Proposed Cazenovia Watershed Law

 The Post Standard has published a story on a proposed law to improve the water quality in Cazenovia Lake. The story describes the link between Phosphorus and weed growth. The following is the first paragraphs of the story. 
From the P-ST.
Invasive species, such as the Eurasian watermilfoil that clogs the waters of Cazenovia Lake, love phosphorus-laden water.
As local leaders consider chemical treatments and other mitigation methods to rid the lake of milfoil and other troublesome weeds, town officials are moving forward with a law aimed at limiting future problems.
They're hoping that those who live near the lake will stop feeding the weeds.
The Cazenovia Town Board is considering the area's first ban on fertilizers with phosphorus to give homeowners in the lake watershed a share of responsibility for the health of the 1,100-acre body of water.

Phosphorus is the main ingredient that drives the growth of algae and other nuisance plants in lakes.
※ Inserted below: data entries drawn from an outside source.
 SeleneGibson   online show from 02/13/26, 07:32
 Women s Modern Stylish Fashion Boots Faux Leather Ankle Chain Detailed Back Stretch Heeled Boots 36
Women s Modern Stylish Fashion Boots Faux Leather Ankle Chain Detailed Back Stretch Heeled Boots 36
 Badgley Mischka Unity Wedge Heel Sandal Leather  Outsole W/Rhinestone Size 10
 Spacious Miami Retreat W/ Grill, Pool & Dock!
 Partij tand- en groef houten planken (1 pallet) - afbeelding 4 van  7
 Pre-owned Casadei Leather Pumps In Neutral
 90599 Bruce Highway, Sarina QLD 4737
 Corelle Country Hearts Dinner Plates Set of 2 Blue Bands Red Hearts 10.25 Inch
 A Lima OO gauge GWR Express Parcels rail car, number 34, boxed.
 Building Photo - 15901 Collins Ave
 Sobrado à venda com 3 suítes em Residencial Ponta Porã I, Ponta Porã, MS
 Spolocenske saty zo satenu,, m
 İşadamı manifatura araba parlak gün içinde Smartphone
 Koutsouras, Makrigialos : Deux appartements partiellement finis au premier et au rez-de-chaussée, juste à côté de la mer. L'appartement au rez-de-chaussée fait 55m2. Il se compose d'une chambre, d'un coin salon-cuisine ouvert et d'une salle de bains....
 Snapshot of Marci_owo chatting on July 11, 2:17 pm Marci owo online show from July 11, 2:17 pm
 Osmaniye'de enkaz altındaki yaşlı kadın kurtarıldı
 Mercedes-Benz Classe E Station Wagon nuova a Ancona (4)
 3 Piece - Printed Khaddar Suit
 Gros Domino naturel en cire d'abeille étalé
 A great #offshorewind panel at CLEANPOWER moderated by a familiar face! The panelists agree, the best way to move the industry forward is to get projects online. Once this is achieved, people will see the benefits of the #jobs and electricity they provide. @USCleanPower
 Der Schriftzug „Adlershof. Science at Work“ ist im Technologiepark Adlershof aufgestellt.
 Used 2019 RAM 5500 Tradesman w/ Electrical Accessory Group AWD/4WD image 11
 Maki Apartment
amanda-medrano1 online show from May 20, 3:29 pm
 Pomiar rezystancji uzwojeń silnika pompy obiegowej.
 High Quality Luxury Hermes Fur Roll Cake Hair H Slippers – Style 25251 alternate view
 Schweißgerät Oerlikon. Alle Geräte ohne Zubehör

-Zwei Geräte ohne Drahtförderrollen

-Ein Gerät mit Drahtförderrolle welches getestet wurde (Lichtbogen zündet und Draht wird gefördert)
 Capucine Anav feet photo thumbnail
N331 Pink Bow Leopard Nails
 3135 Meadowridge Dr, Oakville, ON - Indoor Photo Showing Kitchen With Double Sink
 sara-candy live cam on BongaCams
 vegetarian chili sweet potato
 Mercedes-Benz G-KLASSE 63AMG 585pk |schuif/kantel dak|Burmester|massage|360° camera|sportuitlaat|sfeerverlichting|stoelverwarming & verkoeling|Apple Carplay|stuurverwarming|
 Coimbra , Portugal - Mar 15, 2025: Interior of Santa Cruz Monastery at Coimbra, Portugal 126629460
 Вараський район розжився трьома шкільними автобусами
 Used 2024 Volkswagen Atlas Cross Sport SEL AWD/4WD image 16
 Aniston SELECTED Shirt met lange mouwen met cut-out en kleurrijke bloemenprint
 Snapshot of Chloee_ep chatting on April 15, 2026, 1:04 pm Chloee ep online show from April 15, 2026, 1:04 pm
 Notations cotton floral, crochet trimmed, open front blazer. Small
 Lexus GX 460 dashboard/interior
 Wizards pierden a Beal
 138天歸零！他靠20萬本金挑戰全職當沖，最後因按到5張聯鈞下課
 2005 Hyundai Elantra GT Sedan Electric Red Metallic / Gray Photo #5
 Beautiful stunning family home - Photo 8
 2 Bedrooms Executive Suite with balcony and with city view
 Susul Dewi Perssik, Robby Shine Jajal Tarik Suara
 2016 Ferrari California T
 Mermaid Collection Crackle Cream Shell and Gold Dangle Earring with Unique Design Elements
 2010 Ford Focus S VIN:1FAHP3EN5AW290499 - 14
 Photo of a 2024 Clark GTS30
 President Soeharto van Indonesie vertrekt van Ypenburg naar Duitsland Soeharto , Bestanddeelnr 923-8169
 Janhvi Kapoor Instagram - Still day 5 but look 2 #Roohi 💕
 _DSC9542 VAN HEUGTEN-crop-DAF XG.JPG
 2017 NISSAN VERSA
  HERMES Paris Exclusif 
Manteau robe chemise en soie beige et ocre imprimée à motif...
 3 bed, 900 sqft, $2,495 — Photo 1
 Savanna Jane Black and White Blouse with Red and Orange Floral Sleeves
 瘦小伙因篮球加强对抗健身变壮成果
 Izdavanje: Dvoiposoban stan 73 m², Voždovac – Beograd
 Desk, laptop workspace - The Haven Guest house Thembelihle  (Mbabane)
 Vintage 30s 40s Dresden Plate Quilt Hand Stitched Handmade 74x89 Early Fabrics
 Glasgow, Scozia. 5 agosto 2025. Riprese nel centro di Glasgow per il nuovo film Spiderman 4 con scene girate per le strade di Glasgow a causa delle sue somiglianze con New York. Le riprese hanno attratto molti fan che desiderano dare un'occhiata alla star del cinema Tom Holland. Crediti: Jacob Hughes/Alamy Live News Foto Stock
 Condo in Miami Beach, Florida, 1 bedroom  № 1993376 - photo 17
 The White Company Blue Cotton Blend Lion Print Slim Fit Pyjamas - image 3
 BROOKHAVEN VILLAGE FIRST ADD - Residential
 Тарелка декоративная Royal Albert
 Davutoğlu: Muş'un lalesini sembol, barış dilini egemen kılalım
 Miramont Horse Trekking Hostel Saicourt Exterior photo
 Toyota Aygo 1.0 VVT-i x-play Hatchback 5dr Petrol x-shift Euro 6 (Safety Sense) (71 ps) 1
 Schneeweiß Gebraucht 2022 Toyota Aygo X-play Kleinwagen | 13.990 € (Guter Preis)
While the element naturally occurs in aquatic ecosystems, too much of it can trigger algae blooms and runaway plant growth, choking the water by depleting it of oxygen.
The state recognized the danger of too much phosphorus in the 1970s, banning it from laundry detergents as a means to protect lakes and streams from nutrient-rich wastewater.
Cazenovia's law would help bring the lake back into balance by reducing the nutrients found in residential runoff. Town officials will hold a public hearing and vote on the local law Monday evening.